[ExI] General comment about all this quasi-libertarianism discussion

Richard Loosemore rpwl at lightlink.com
Sat Feb 26 21:29:32 UTC 2011


Eugen Leitl wrote:
 > ... for [these libertarian/anarchist proposals] to work you need to
 > patch the human primate.

Did you really say that?  You are suggesting that libertarians need
to ... what?... brainwash people? ... cut out bits of their brains to
change their behavior? ... genetically engineer them?  :-(

I am not sure if you are advocating that idea, or telling me that all
these proposed libertarian/anarchist ideas are dumb *because* they
impplicitly assume that humans have been "patched" in some way.

 > Relevant aspects of human societies cannot yet be modelled
 > effectively.

So there is really no code, no proof whatsoever, that these
mechanisms will actually work?  You know, when some AGI researchers
don't have working code, they get slammed.  But those AGI researchers
are actually working to produce the code, even as they get slammed ...
whereas you seem to be saying that libertarian fantasies *cannot* yet
be modeled, so I guess those fantasies deserve to be slammed even more
than AGI theories, for which code is on the way.

 > Energy as currency backing is not useful, because it gets consumed
 > in the process.
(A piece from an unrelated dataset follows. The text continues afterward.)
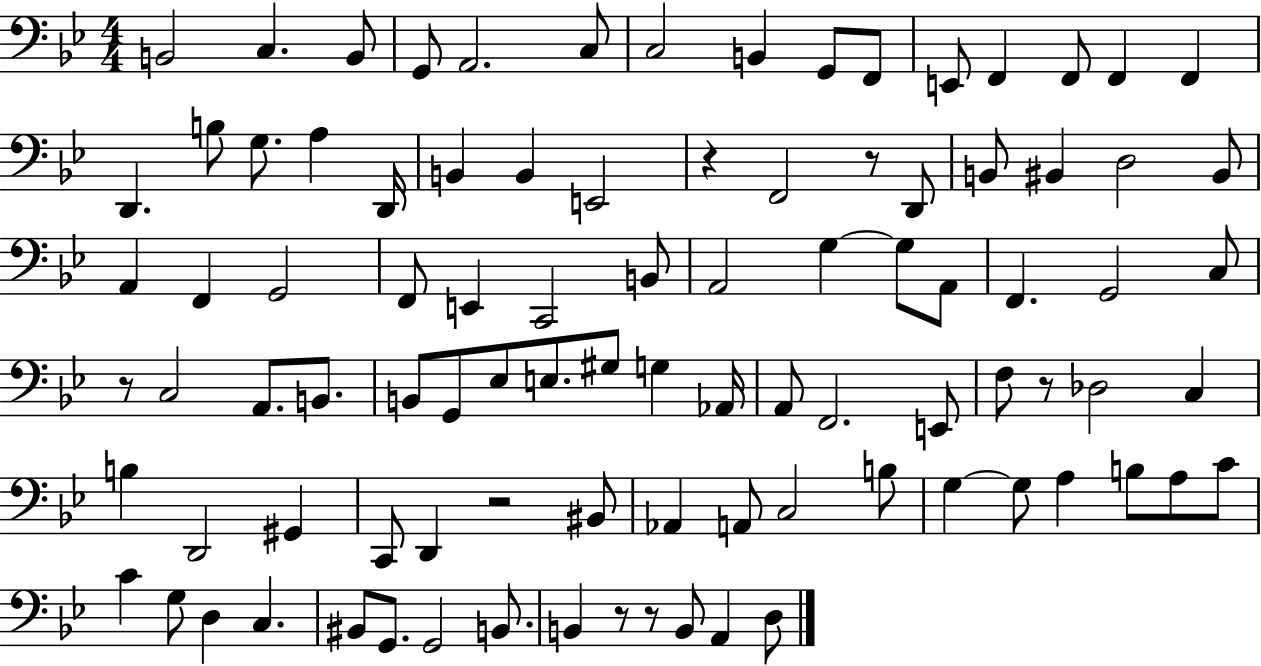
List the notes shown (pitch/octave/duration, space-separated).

B2/h C3/q. B2/e G2/e A2/h. C3/e C3/h B2/q G2/e F2/e E2/e F2/q F2/e F2/q F2/q D2/q. B3/e G3/e. A3/q D2/s B2/q B2/q E2/h R/q F2/h R/e D2/e B2/e BIS2/q D3/h BIS2/e A2/q F2/q G2/h F2/e E2/q C2/h B2/e A2/h G3/q G3/e A2/e F2/q. G2/h C3/e R/e C3/h A2/e. B2/e. B2/e G2/e Eb3/e E3/e. G#3/e G3/q Ab2/s A2/e F2/h. E2/e F3/e R/e Db3/h C3/q B3/q D2/h G#2/q C2/e D2/q R/h BIS2/e Ab2/q A2/e C3/h B3/e G3/q G3/e A3/q B3/e A3/e C4/e C4/q G3/e D3/q C3/q. BIS2/e G2/e. G2/h B2/e. B2/q R/e R/e B2/e A2/q D3/e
However, it would make sense to tie currency value
 > to a basket of raw resources, with periodically adjustable
 > composition and coefficients, which have to be however resistant to
 > gaming.
 >
 > It would be a return to metal-backed/non-fiats, but without the
 > disadvantages. Since we've been there, and we know the system is
 > currently poorly managed the risk would be probably low.
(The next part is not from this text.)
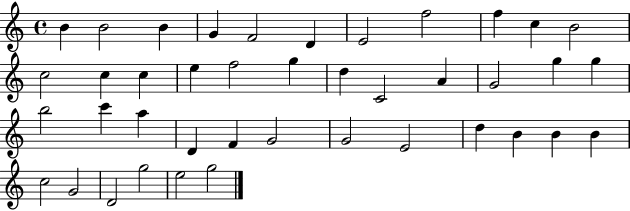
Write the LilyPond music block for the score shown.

But all that was pure speculation, and more speculation is hardly a
response to my request for proof.

(And, BTW, the vast majority of economists seem to think that going
back to a metals standard is crazy in spades.)

 > Yes, you have to fix the agent. Current agent's won't do.

Again, this is mind-boggling.

I really want to hear more about this "fixing the agent" business.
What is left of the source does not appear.